Britain's biggest holiday operator is expected to be sold to a German conglomerate after the directors of Thomson Travel agreed to recommend a takeover bid yesterday.
The £1.8bn offer from Preussag would create the largest holiday company in Europe. Last night industry experts said tourists would not be affected immediately by the deal. But they said prices could eventually rise as the biggest firms started to increasingly dominate the market and squeeze out smaller operators. "In the short term it would be wrong to think that suddenly holidaymakers are going to get cheaper or more expensive rooms and flights," said Jeremy Skidmore, editor of Travel Weekly.
"Long term there is more of an issue. Bigger companies are getting bigger across Europe. It's all about better deals that they can get on rooms and aviation fuel. Margins are tight and the bigger you are the better deals you can get."
The Association of Independent Tour Operators said it was concerned at the likely effect on smaller firms. John Bennett, the chairman, said there was "an ongoing concern about a number of issues" related to the strength of the big four operators.
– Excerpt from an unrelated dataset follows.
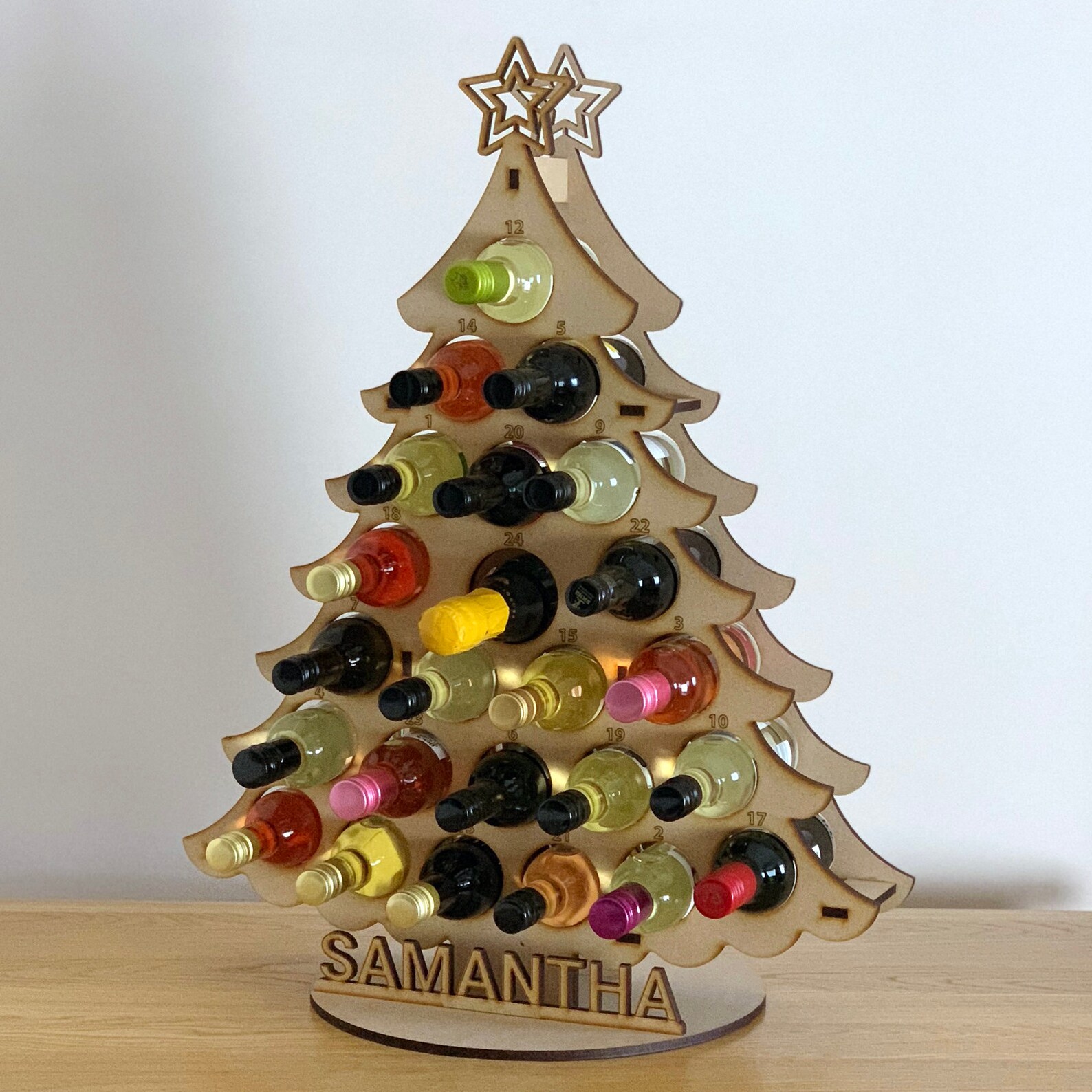 Advent Calendar Miniature Wine advent calendar Wine Tree Etsy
The expected deal comes after a period of frantic speculation within the package holiday market - a market that would be drastically altered if the deal goes through.
A takeover of Thomson had been expected for months, partly because its launch share price of £1.70 had slumped since its 1998 flotation. Original shareholders, who are given a 10 per cent discount on Thomson holidays, were told yesterday the perk would be maintained by the new owner.
The company was founded by the media tycoon Lord Thomson of Fleet in 1965 and now holds 24 per cent of the UK market, which made it attractive to Preussag's domestic rivals, C&N. That firm first offered £1.3bn, then £1.45bn, but both bids were rejected by the Thomson board. A third offer of £1.6bn, or £1.60 a share, brought the two sides back to the table this month.
The negotiations were hijacked by the bid from Preussag, which owns the holding stake in Thomas Cook, the third-placed company in the British holiday market behind Thomson and Airtours and ahead of First Choice.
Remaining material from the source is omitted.